Tant le livre imprimé (avec ses images, ses annexes critiques, ses fragments en français et les voix qu’il fait entendre) que les documents de genèse nous permettent de vérifier que la traduction de Venturini est réalisée à partir d’éléments disparates. Il s’agit en réalité d’une traduction composite. Cette articulation d’une masse textuelle hétéroclite, comme nous l’avons signalé, trouve ses racines dans l’oeuvre même de Ducasse.

Dans son analyse du « sens de la forme » des Chants, Peter Nesselroth (1975, pp. 77-79) associe le recours au plagiat à un procédé de composition circulaire qui caractérise l’oeuvre, aux répétitions et reprises continues des situations, scènes, thèmes et images (relevées du reste par Blanchot, 1963, pp. 299-300).

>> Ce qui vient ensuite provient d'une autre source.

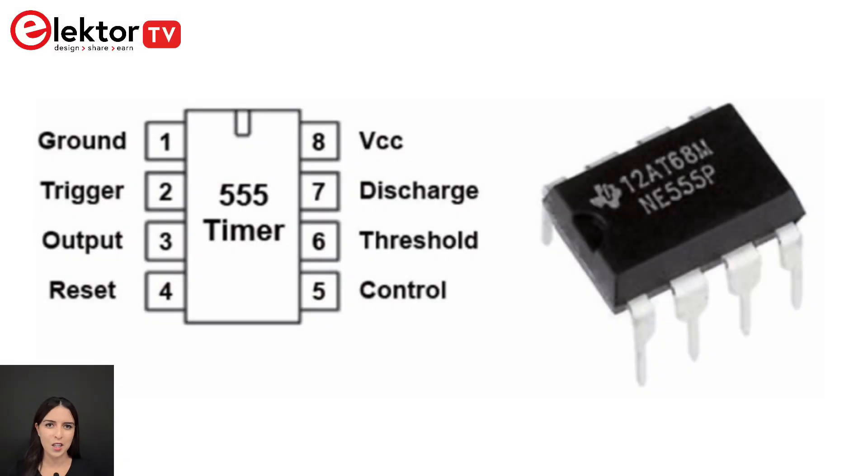Originally introduced in the early 70s, the 555 timer integrated circuit is perhaps one of the most popular integrated circuits ever produced. It's known for its versatility in creating timers, oscillators, and other useful circuits.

La greffe « d’autres textes déjà écrits » sur la page est aussi une opération de réapparition, qui donne au texte global une apparence discontinue et fragmentée, mais inclusive : il « intègre elliptiquement dans son centre des fragments de textes extrinsèques » (Nesselroth, 1975, p. 78). La critique universitaire s’est intéressée à la genèse du texte de Ducasse et à la source des fragments greffés. Dans cette perspective, il convient de citer le travail accompli par Guy Laflèche, qui a conçu la première édition critique scientifique interactive des Chants :

Voici le premier établissement critique du texte des oeuvres d’Isidore Ducasse. Et par conséquent, la première étude systématique de ses sources et de sa genèse. Ce travail compte à son actif la découverte d’importantes citations littérales, par exemple, une citation de l’Enfer de Dante dans la traduction de Mesnard à l’incipit des Chants, et une citation du Paradis perdu de Milton dans la traduction de Chateaubriand au début du Chant 6.

1994-2002, n.p.

Héritière littéraire autoproclamée de Ducasse, Venturini ne s’est pas contentée de transcoder, d’exprimer ou de représenter l’oeuvre dans une autre langue, dans d’autres matérialités et dans une autre culture. Elle a choisi d’intensifier les processus d’itération que comporte le texte lui-même et de greffer ainsi des textualités extérieures (et toujours postérieures) à celui-ci, mais proches de l’oeuvre, de ses contextes de réception et de ses modalités de transmission. Or les matériaux tirés des livres de Soupault et de Pellegrini ne sont pas les seuls qu’elle y a glissés; sa propre écriture a été assimilée à la traduction et parfois transformée en prétendue parole de Ducasse.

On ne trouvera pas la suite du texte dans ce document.